DATA TO EXAMINE:

_ _ _ _ _ _ _

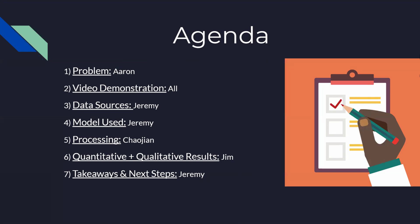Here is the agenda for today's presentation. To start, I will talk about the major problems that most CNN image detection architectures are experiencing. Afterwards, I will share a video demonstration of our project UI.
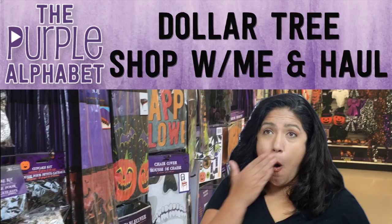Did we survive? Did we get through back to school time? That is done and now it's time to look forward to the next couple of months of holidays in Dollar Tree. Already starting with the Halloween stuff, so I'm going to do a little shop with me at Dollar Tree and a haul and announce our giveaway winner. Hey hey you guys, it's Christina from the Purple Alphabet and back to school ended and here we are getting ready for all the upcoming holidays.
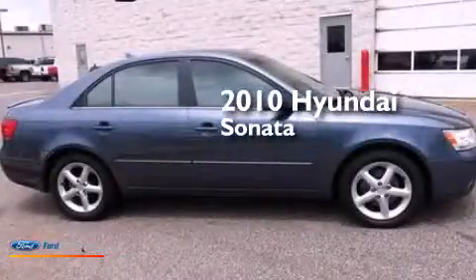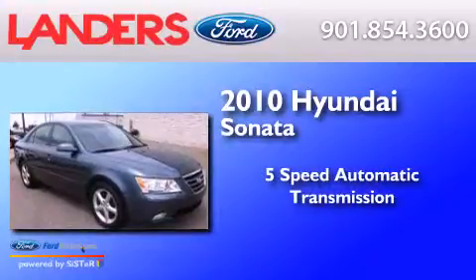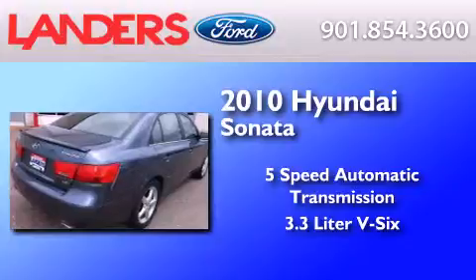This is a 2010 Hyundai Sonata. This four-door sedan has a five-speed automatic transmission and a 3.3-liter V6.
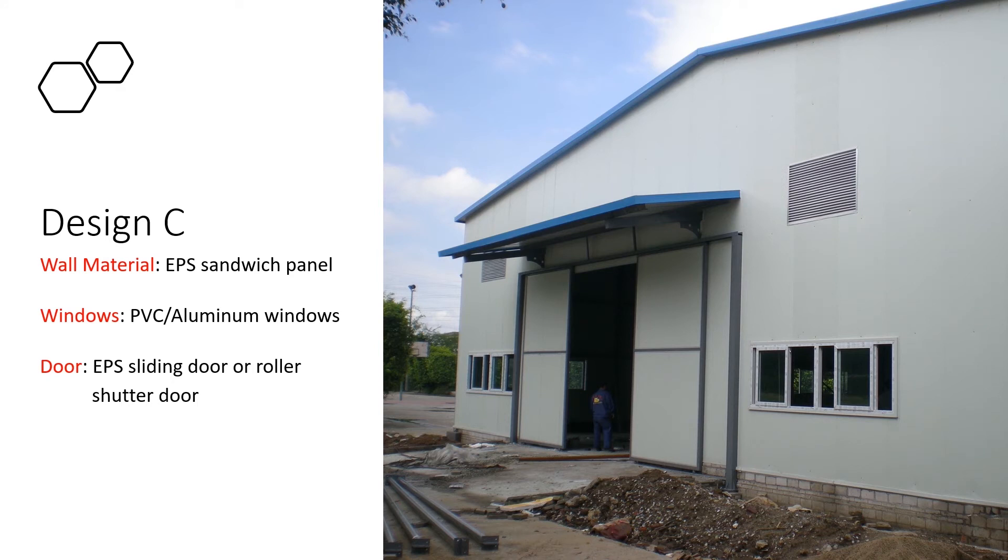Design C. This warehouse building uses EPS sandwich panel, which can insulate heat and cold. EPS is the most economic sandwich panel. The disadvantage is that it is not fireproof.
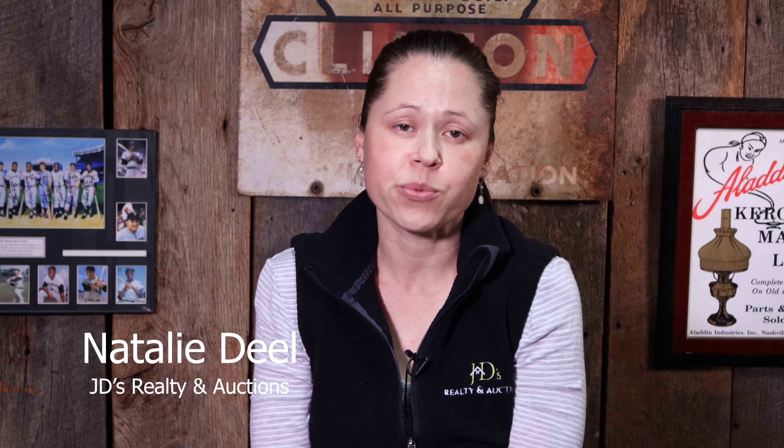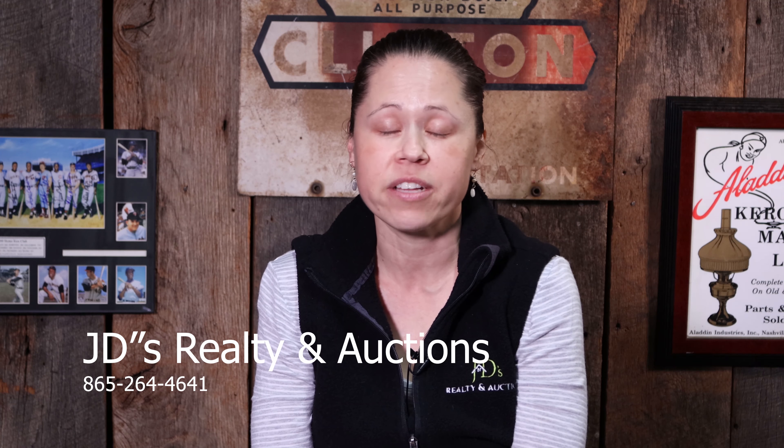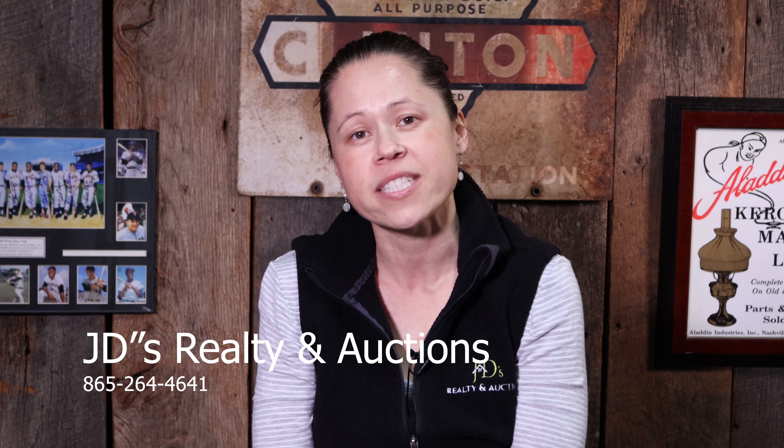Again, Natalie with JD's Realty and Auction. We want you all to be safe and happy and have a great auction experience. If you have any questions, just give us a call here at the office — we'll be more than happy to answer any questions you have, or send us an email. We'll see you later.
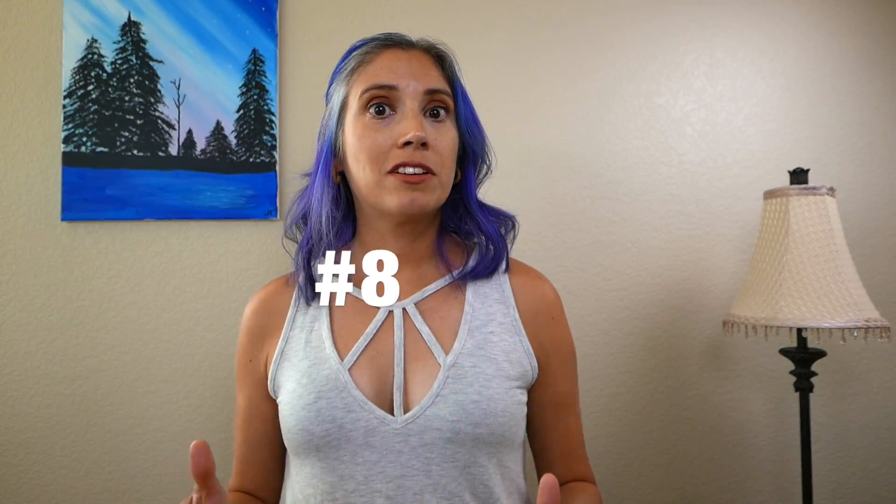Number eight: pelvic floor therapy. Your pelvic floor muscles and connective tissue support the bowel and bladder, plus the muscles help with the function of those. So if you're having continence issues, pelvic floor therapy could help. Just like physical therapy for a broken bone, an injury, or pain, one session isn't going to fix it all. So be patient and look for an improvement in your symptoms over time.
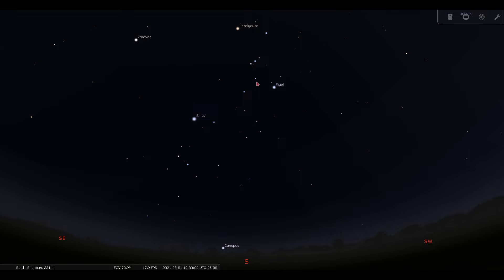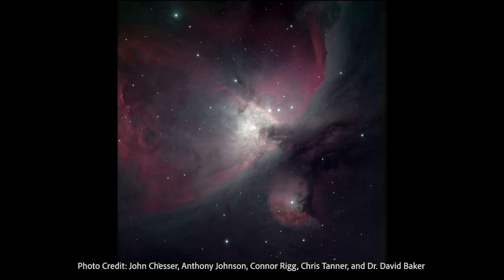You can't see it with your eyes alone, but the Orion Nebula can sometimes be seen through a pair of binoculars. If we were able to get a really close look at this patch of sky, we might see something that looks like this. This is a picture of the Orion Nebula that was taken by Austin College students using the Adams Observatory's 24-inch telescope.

_ _ _ _ _ _ _

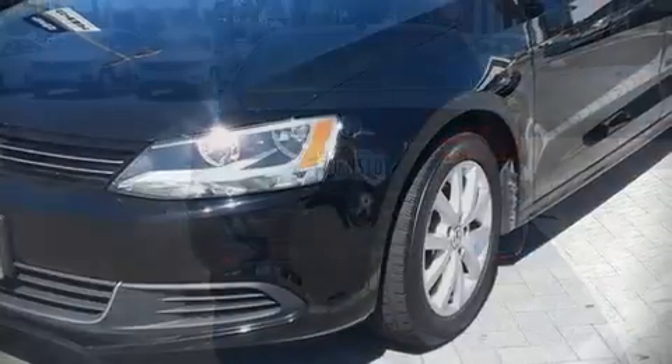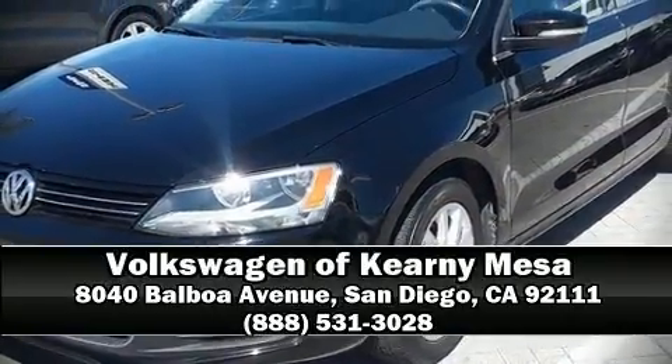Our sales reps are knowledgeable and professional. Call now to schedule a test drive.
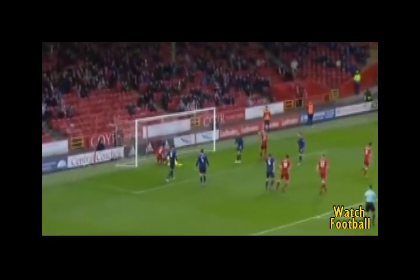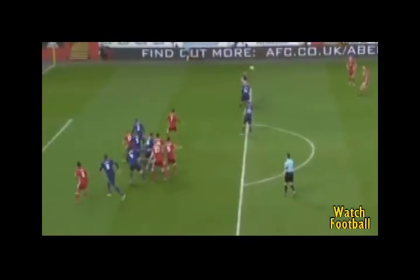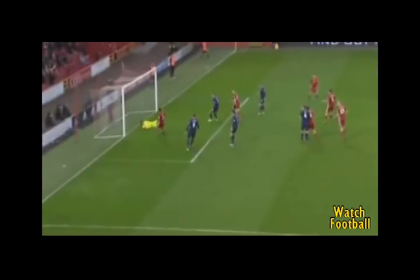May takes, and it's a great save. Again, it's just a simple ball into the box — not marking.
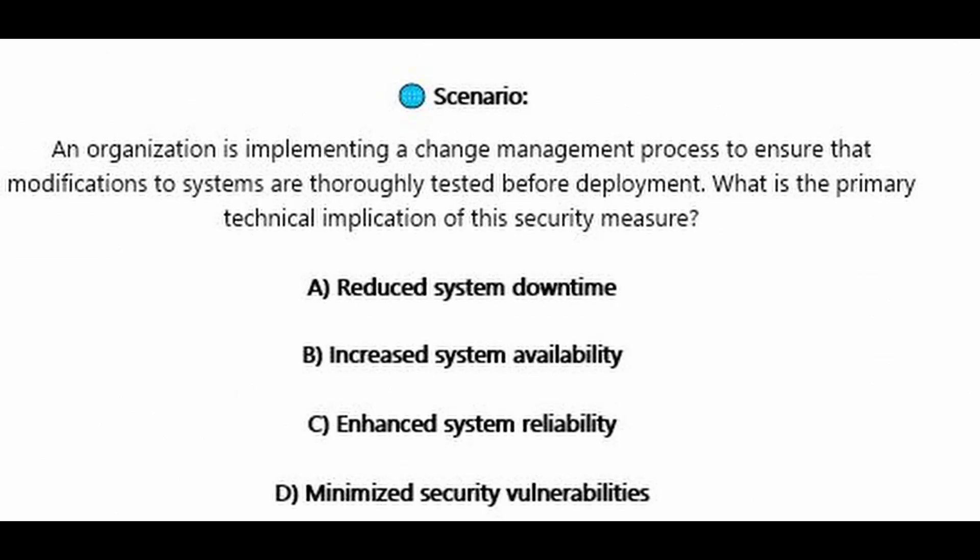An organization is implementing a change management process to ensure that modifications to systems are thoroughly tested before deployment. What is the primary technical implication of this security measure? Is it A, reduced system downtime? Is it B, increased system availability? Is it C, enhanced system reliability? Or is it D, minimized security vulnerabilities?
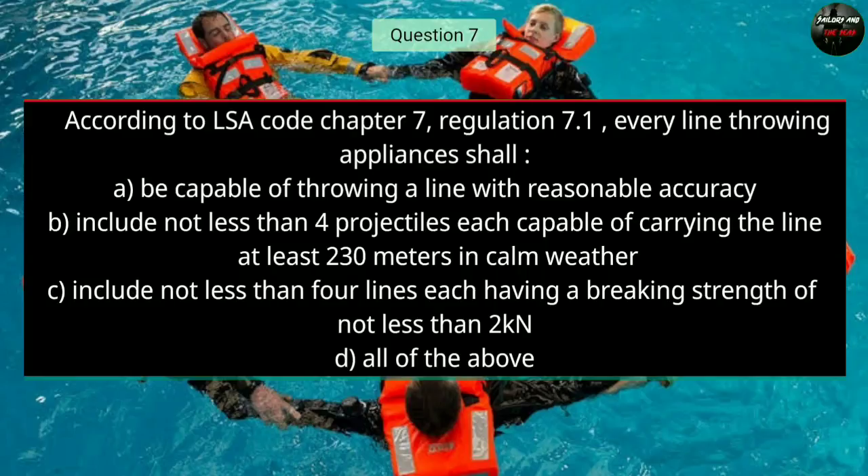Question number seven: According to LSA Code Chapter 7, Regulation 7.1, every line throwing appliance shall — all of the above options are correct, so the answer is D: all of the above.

_ _ _ _ _ _ _

Reproduce, word for word, only the lines in the records above from the line with "May takes, and" through the line with "Question number seven: According", including both ends; omit the pictures.

May takes, and it's a great save. Again, it's just a simple ball into the box — not marking.
An organization is implementing a change management process to ensure that modifications to systems are thoroughly tested before deployment. What is the primary technical implication of this security measure? Is it A, reduced system downtime? Is it B, increased system availability? Is it C, enhanced system reliability? Or is it D, minimized security vulnerabilities?
Question number seven: According to LSA Code Chapter 7, Regulation 7.1, every line throwing appliance shall — all of the above options are correct, so the answer is D: all of the above.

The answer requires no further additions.